▸ What the task asks
Only the lines from the one containing "3rd image of 1095 Newhall St APT B" through the last line of the data below belong in your answer, copied exactly and without pictures.

▸ Raw data

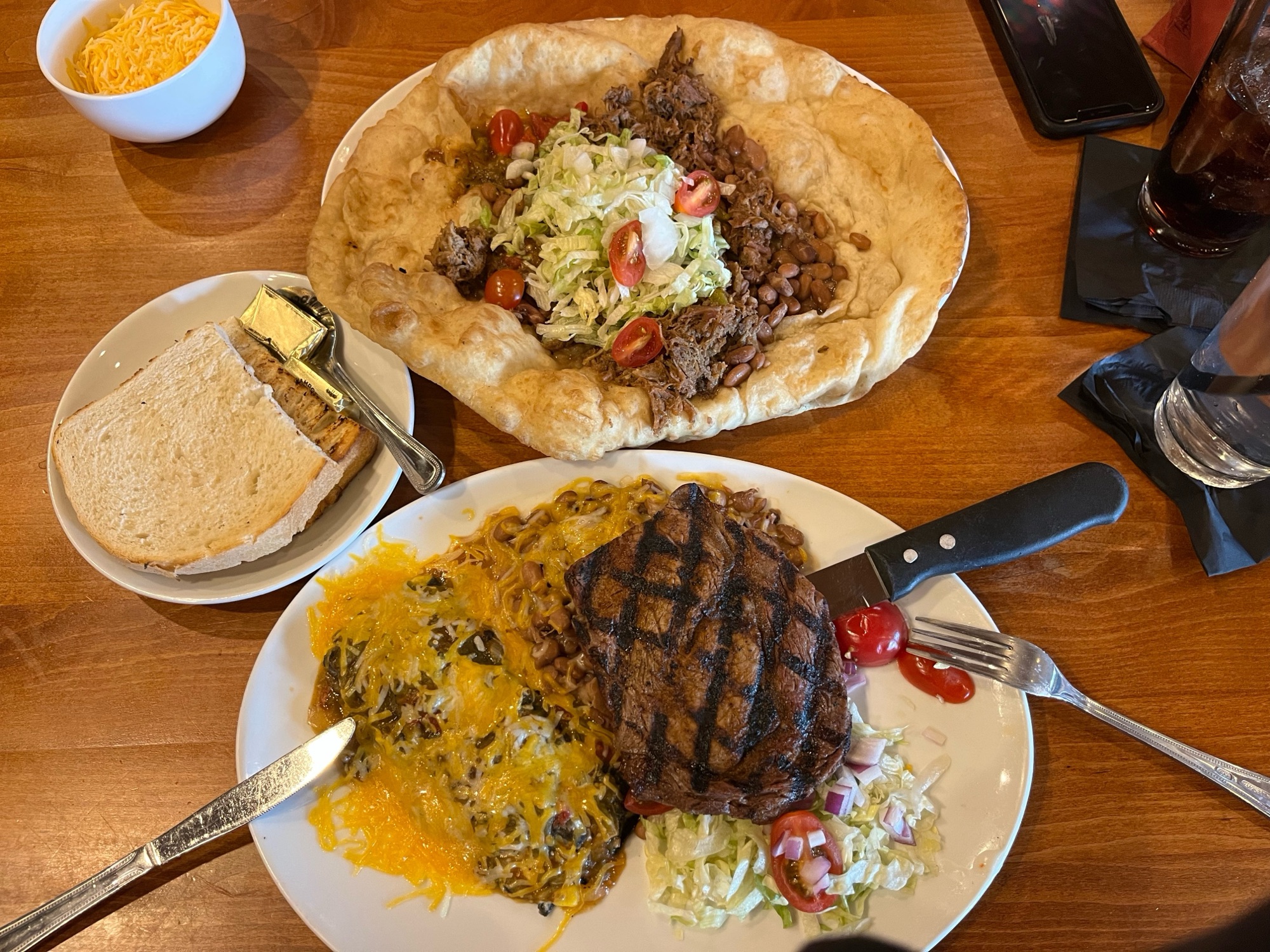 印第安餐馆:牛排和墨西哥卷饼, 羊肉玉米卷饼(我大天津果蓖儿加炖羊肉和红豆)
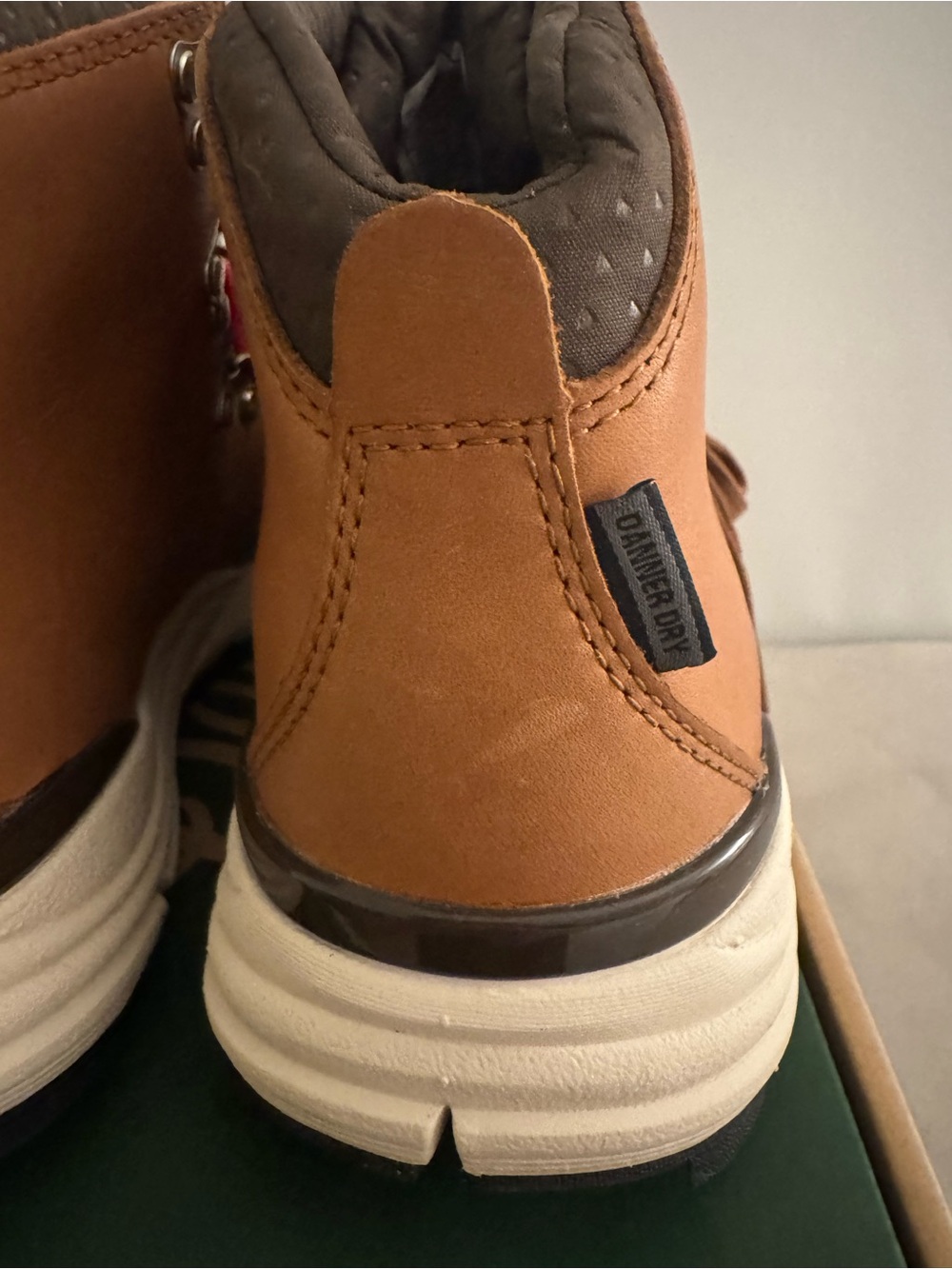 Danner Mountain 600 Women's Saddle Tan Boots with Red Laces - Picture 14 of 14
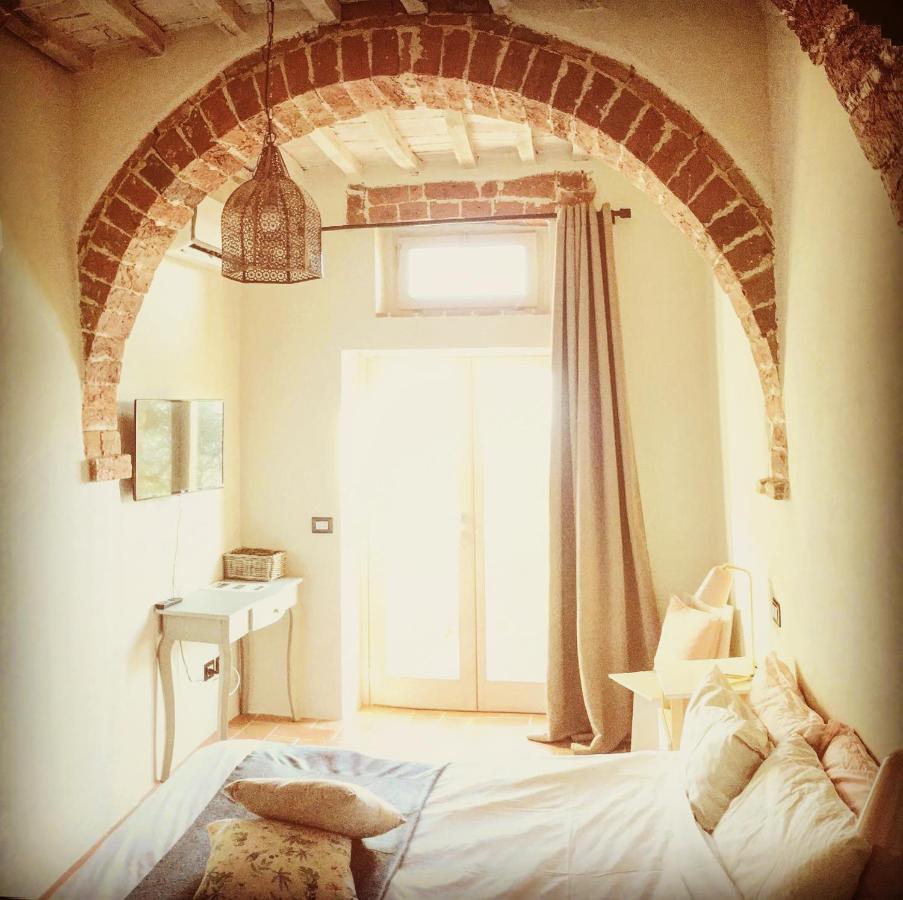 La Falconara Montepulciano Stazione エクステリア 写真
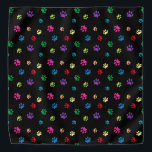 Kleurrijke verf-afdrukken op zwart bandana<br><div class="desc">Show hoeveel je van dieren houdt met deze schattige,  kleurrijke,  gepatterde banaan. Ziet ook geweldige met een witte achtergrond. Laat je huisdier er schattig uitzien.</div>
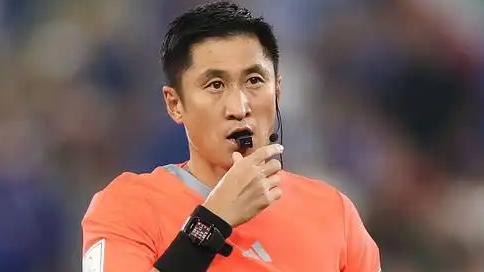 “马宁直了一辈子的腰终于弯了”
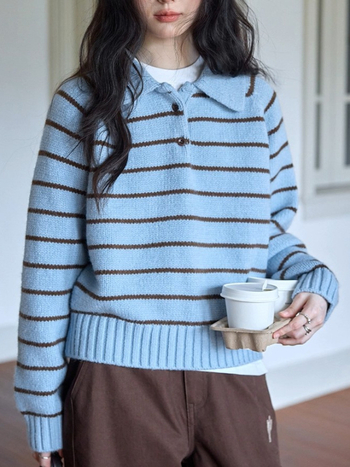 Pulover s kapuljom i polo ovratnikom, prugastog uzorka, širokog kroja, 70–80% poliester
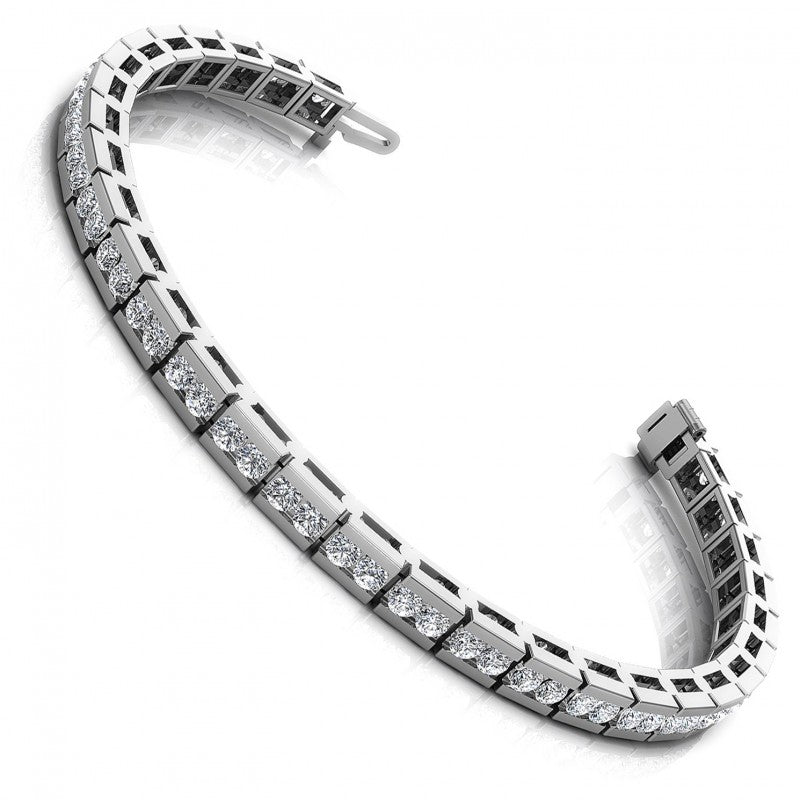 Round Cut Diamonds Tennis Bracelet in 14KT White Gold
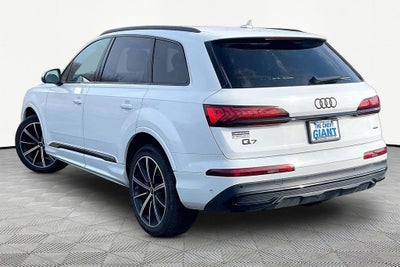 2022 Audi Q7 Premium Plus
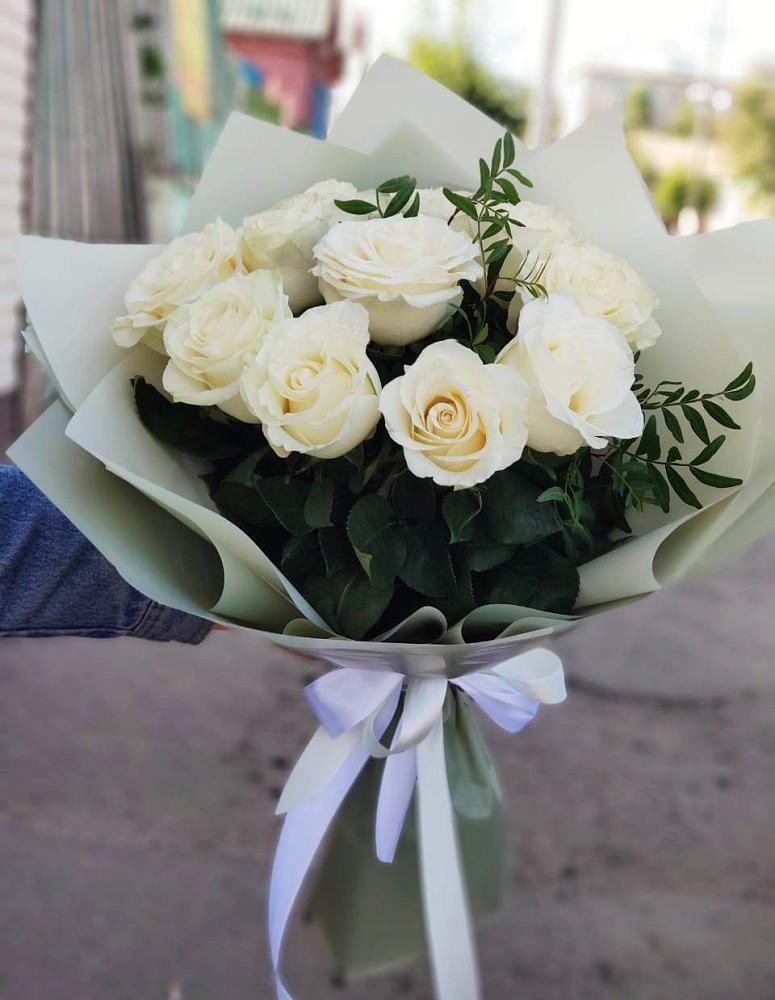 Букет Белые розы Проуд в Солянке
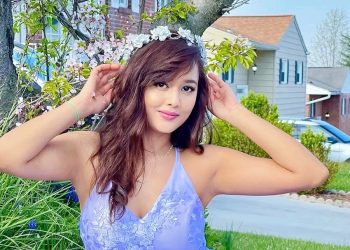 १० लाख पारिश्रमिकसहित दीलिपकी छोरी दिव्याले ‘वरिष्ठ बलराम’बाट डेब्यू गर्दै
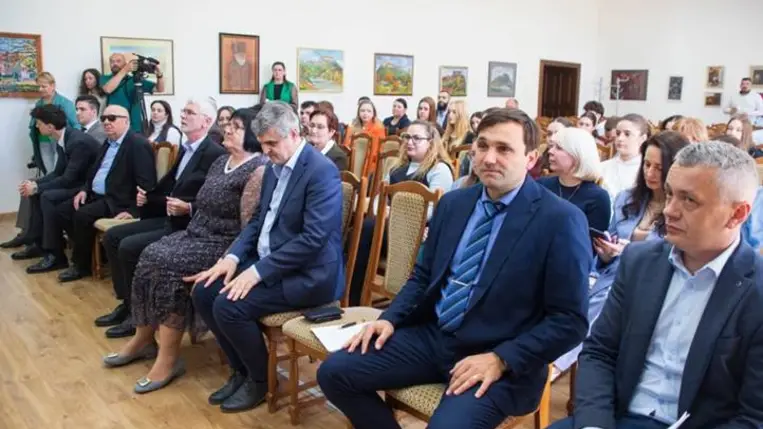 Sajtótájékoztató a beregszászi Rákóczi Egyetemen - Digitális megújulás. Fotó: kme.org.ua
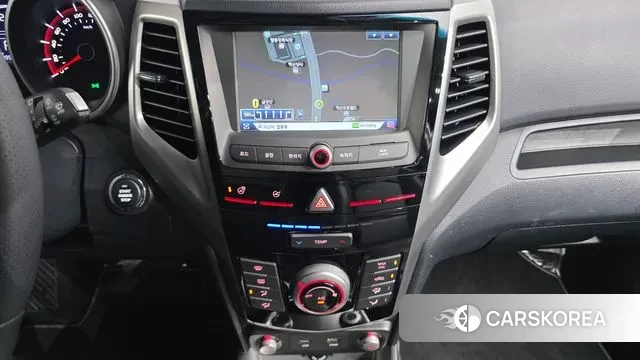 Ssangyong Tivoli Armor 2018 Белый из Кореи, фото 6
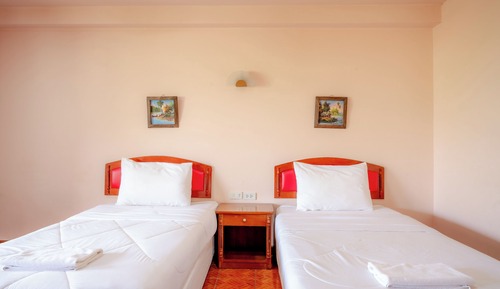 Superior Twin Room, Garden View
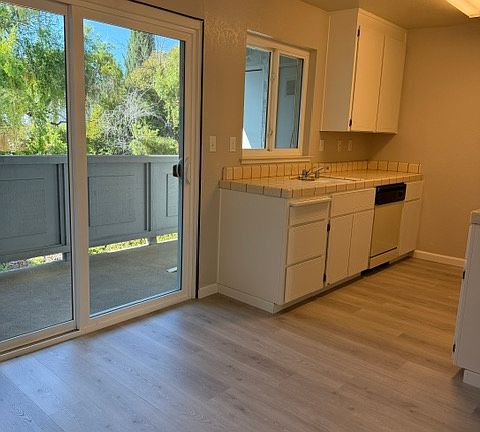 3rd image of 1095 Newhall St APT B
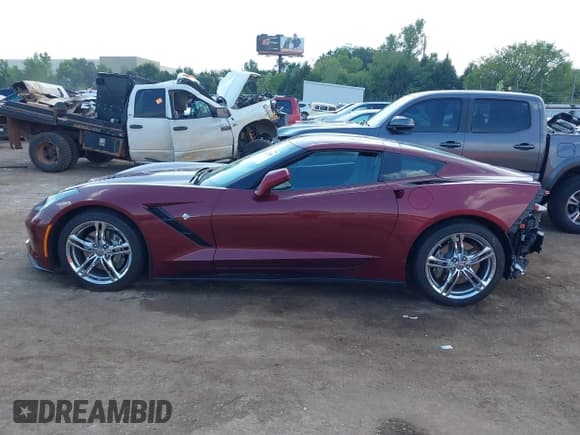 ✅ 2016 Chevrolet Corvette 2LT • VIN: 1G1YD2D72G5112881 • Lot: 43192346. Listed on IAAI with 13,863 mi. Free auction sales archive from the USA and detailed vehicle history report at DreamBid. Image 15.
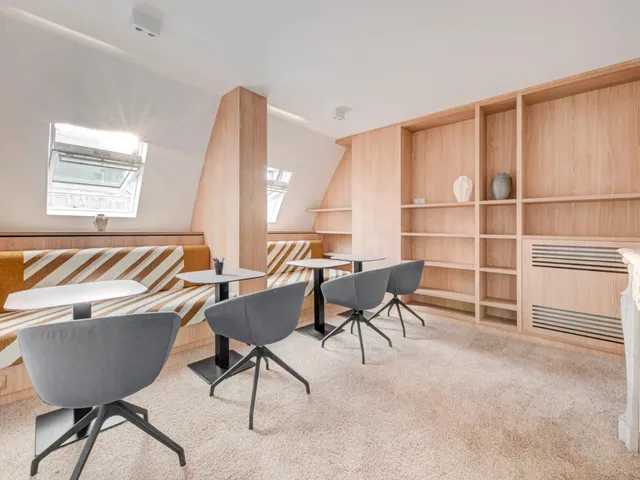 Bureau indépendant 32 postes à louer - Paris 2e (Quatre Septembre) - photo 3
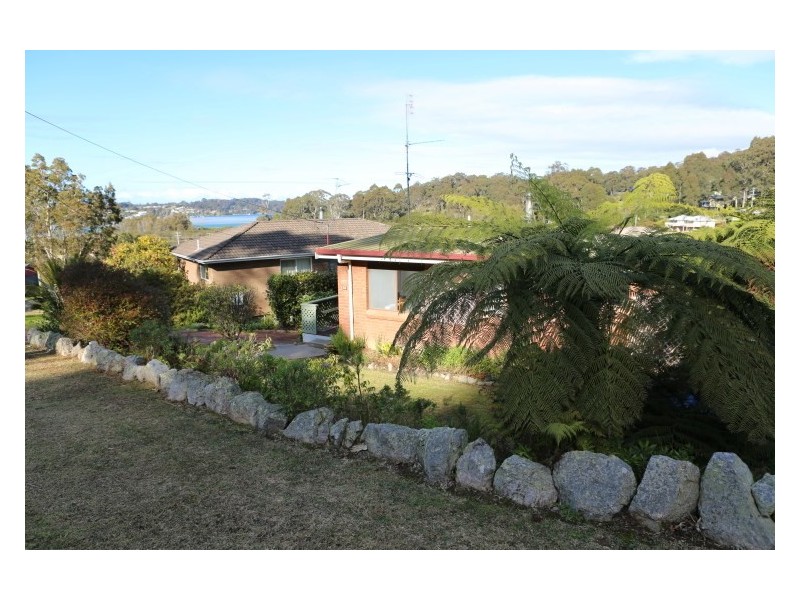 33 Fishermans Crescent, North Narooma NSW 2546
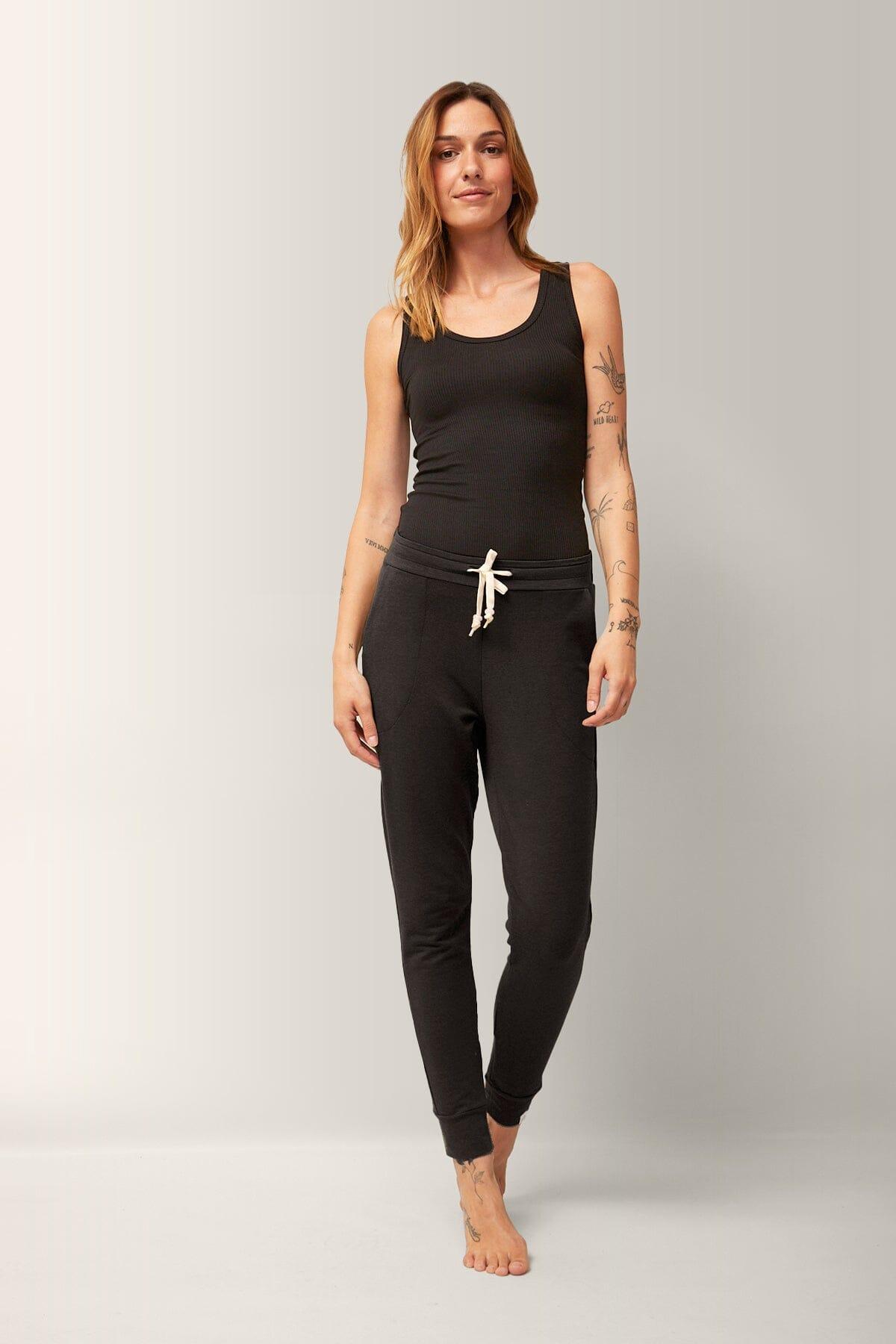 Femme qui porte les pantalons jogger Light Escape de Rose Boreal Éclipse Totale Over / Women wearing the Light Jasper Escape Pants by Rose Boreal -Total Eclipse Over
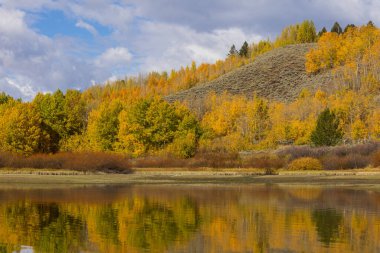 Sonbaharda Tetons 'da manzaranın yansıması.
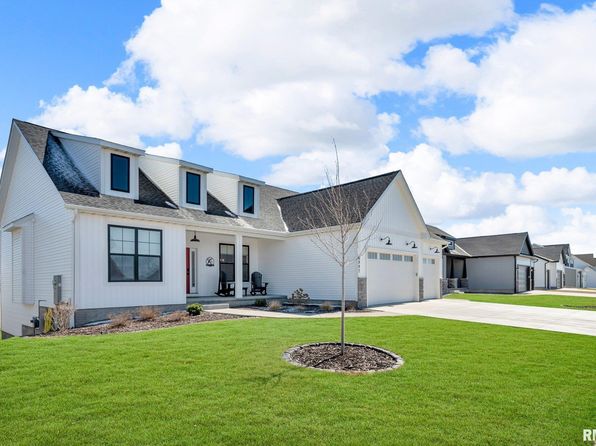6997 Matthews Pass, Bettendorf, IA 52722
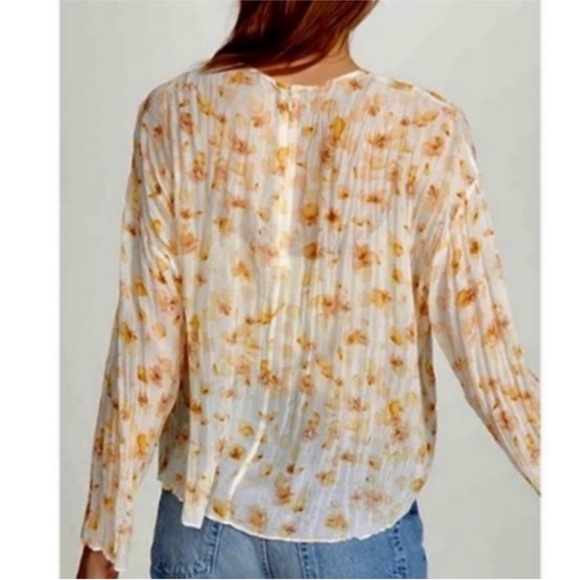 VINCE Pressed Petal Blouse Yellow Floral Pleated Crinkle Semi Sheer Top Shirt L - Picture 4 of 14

▸ Written reply
 3rd image of 1095 Newhall St APT B
 ✅ 2016 Chevrolet Corvette 2LT • VIN: 1G1YD2D72G5112881 • Lot: 43192346. Listed on IAAI with 13,863 mi. Free auction sales archive from the USA and detailed vehicle history report at DreamBid. Image 15.
 Bureau indépendant 32 postes à louer - Paris 2e (Quatre Septembre) - photo 3
 33 Fishermans Crescent, North Narooma NSW 2546
 Femme qui porte les pantalons jogger Light Escape de Rose Boreal Éclipse Totale Over / Women wearing the Light Jasper Escape Pants by Rose Boreal -Total Eclipse Over
 Sonbaharda Tetons 'da manzaranın yansıması.
6997 Matthews Pass, Bettendorf, IA 52722
 VINCE Pressed Petal Blouse Yellow Floral Pleated Crinkle Semi Sheer Top Shirt L - Picture 4 of 14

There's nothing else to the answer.